One day, a neighbor of my in-laws found out I was a writer. And he contacted me. It was a surprise when I got the notification that J Scott Savage sent me a message—especially since I went to school with one of his kids. Why would he be contacting me? It's not like I knew his child well, or anything...

Well, it turned out to be more than that. We got talking, and I was able to get a lot of good advice from him, including information about a local writing conference, LDStorymakers. He said it was pretty big for the area, and a lot of good writers were there. I was expecting a lot of self-pub and small-pub authors, but I got so much more.

Why were James Dashner, Brandon Sanderson, Dan Wells, Sarah Eden and Allie Condie doing here?

I've been to this conference every year sine then. This upcoming May will mark my fourth time, and it's three of the best days of the year. Getting to know people—writers (many of which are a little socially awkward), agents, editors and publishers—is one of the most fun things I can imagine. Not just because I like rubbing elbows with some of the most popular authors in publishing. But because all these people are the same brand of weird as me.

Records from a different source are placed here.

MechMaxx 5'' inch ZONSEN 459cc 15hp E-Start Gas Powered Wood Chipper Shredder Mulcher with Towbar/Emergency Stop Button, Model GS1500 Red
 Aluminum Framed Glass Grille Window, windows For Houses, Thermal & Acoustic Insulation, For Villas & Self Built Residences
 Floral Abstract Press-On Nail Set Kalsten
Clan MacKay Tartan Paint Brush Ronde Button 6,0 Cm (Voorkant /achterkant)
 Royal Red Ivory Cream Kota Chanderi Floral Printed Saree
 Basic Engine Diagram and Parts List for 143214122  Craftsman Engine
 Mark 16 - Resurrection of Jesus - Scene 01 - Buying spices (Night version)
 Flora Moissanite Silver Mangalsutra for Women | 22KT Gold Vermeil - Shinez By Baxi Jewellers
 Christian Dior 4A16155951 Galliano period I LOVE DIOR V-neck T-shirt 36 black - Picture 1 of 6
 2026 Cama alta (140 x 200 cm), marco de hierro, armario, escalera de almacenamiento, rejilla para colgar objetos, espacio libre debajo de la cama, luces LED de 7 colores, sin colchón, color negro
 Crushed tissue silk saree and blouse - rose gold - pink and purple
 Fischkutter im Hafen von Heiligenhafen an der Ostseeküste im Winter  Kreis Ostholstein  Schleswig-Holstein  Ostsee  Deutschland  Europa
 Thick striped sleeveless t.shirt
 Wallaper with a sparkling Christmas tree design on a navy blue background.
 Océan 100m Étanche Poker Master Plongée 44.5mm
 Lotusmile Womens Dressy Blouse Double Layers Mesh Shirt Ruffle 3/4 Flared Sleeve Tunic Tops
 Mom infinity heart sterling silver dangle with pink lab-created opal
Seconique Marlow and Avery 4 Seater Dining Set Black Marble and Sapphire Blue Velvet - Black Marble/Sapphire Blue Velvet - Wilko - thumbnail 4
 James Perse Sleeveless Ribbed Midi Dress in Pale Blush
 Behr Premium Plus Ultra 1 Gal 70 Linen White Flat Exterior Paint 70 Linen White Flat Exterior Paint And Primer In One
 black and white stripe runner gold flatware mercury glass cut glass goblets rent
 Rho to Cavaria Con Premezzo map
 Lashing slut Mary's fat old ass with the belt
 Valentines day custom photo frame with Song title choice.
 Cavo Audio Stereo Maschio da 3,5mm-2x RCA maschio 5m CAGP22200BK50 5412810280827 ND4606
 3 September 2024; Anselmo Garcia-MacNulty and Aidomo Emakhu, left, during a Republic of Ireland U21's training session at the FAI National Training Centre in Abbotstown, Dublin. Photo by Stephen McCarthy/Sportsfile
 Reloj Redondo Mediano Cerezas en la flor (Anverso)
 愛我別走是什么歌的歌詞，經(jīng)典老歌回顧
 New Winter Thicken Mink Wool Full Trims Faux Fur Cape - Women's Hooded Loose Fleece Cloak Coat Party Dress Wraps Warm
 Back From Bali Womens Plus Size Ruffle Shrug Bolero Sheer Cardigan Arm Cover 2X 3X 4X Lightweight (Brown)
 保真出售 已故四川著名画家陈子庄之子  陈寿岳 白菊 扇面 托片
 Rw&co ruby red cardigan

And so I guess that brings me to the end of this post. You're all caught up. I have a beautiful wife, a cat and three kids (the newest addition was born two and a half weeks ago!). I love to write. I love Star Wars (I'm also a member of the 501st Legion. How's that for nerdy?), baseball and Pepsi. And I've found a place where I fit in.

The wonderful thing about being a writer, in my opinion, is that everyone is accepting. We all love to make up stories with the imaginary friends that follow us everywhere. If nothing else, being a writer allows that little bit of childhood to stick with you. You don't have to get rid of the little Cinderella mice you carry in your pocket, because you can think up a fun adventure for them to go on. You don't have to tell your tall, skinny (invisible) girlfriend to go away, because you can write a fantastic romance where the two of you are the center of the universe. And no matter what, other writers will accept you. Sure, there are times this isn't true (Ursula K. LeGuin was amazing at breaking down barriers), but most authors are glad to welcome you with open arms into the literary community.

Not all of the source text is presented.